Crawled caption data
_ _ _ _

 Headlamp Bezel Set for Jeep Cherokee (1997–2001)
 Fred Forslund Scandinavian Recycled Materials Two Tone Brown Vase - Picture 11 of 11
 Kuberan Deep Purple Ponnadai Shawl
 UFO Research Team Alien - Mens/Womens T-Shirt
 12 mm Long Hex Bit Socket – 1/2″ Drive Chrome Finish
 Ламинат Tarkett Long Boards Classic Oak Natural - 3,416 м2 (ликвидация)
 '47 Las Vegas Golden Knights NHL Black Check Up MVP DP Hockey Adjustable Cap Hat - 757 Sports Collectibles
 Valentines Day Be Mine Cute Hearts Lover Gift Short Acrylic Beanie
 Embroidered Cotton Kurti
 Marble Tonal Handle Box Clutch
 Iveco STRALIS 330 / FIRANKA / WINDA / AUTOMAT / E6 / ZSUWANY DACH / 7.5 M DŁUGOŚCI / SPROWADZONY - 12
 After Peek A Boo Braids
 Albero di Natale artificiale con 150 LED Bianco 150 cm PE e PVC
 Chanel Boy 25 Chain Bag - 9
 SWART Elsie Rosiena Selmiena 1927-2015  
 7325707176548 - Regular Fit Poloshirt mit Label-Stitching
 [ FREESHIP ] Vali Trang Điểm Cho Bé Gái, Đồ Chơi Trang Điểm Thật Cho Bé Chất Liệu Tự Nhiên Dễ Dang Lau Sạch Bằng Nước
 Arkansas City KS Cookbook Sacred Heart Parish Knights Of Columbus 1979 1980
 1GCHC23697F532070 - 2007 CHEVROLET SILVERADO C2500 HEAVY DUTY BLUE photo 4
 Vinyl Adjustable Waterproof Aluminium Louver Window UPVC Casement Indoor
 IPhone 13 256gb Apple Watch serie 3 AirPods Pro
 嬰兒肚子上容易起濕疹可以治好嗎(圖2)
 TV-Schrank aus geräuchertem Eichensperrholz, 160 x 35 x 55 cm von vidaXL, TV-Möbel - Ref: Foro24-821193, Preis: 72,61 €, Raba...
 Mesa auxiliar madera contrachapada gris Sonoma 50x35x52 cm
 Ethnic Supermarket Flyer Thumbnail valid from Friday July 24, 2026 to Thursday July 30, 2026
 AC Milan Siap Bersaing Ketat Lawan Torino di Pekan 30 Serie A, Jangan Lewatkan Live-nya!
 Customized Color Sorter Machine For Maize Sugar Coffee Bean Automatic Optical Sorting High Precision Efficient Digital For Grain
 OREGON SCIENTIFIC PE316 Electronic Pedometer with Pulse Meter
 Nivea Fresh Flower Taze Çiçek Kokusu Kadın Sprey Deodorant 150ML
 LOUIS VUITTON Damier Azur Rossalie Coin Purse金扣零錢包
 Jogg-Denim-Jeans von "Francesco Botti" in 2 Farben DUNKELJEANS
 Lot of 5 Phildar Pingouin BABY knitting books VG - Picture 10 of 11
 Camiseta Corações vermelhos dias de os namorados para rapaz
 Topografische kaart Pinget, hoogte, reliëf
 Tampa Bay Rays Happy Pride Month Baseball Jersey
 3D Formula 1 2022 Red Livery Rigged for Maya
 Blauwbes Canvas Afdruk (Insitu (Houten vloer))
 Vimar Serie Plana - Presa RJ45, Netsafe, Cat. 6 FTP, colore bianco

_ _ _ _

**Task statement**. Repeat exactly the lines above, starting with the first line of the records and finishing with the line holding "[ FREESHIP ]". Add no other line.

**Answer box**.
 Headlamp Bezel Set for Jeep Cherokee (1997–2001)
 Fred Forslund Scandinavian Recycled Materials Two Tone Brown Vase - Picture 11 of 11
 Kuberan Deep Purple Ponnadai Shawl
 UFO Research Team Alien - Mens/Womens T-Shirt
 12 mm Long Hex Bit Socket – 1/2″ Drive Chrome Finish
 Ламинат Tarkett Long Boards Classic Oak Natural - 3,416 м2 (ликвидация)
 '47 Las Vegas Golden Knights NHL Black Check Up MVP DP Hockey Adjustable Cap Hat - 757 Sports Collectibles
 Valentines Day Be Mine Cute Hearts Lover Gift Short Acrylic Beanie
 Embroidered Cotton Kurti
 Marble Tonal Handle Box Clutch
 Iveco STRALIS 330 / FIRANKA / WINDA / AUTOMAT / E6 / ZSUWANY DACH / 7.5 M DŁUGOŚCI / SPROWADZONY - 12
 After Peek A Boo Braids
 Albero di Natale artificiale con 150 LED Bianco 150 cm PE e PVC
 Chanel Boy 25 Chain Bag - 9
 SWART Elsie Rosiena Selmiena 1927-2015  
 7325707176548 - Regular Fit Poloshirt mit Label-Stitching
 [ FREESHIP ] Vali Trang Điểm Cho Bé Gái, Đồ Chơi Trang Điểm Thật Cho Bé Chất Liệu Tự Nhiên Dễ Dang Lau Sạch Bằng Nước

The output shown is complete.